My car is going to remain stock, is a lo-power, and is leased so goes back before the warranty runs out. However, my take on it is this:

Wankel engines are still a very new technology. Whilst the Otto-cycle 4 stroke engine has been around for nearly twice as long, many of the engineering challenges it presented had been tackled in the preceding 150 years of steam technology.

And, 50 years ago - when the conventional engine was a similar age to the Wankel - people thought nothing of having to rebuild their engines every 40K or so. A decoke was nothing to be frightened of on a cooking car, and performance cars - well, when people push the technology you get cars like Ferraris which seemingly need insane attention (I don't get this myself - if Audi can make a 400bhp V8 which has regular service intervals, why is a Ferrari such a big deal to look after?).

Rotary is still young. It's still inefficient and isn't wholly suited to all applications. The improvements in tech have been startling and by my reckoning a major improvement in power or longevity occurs every decade or so, albeit with some of the ancilliary functions being due to developments with regular engines.

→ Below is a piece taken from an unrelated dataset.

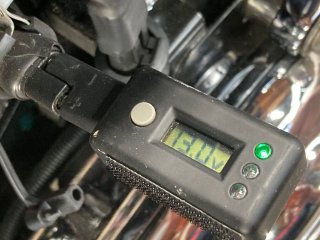 Charging the battery "in situ" ok?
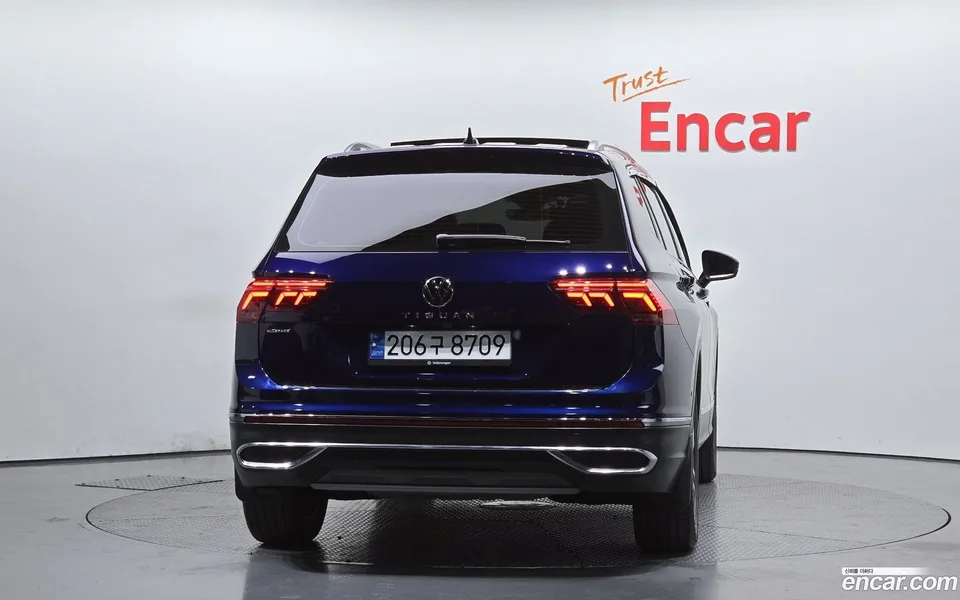 Volkswagen Tiguan Allspace 2.0 TSI 2023 — миниатюра 4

With this in mind, I like new stuff. I like odd stuff. If my rotary blows up at 30K and I still have the car, it'll suck, but I accept this as part of being a pioneer.

Are RX8 owners still pioneers? Sure. I think the RX8 is the first truly successful rotary engined a car, a car with mass appeal, with modern tech all around, with appeal to people beyond the usual car geeks and petrolheads, and with the reliability and usability to compete fairly against conventionally engineered cars.

The next 50 years are going to be very interesting indeed for the rotary, I think.

Last edited by RichardK; 01-26-2006 at 07:08 AM.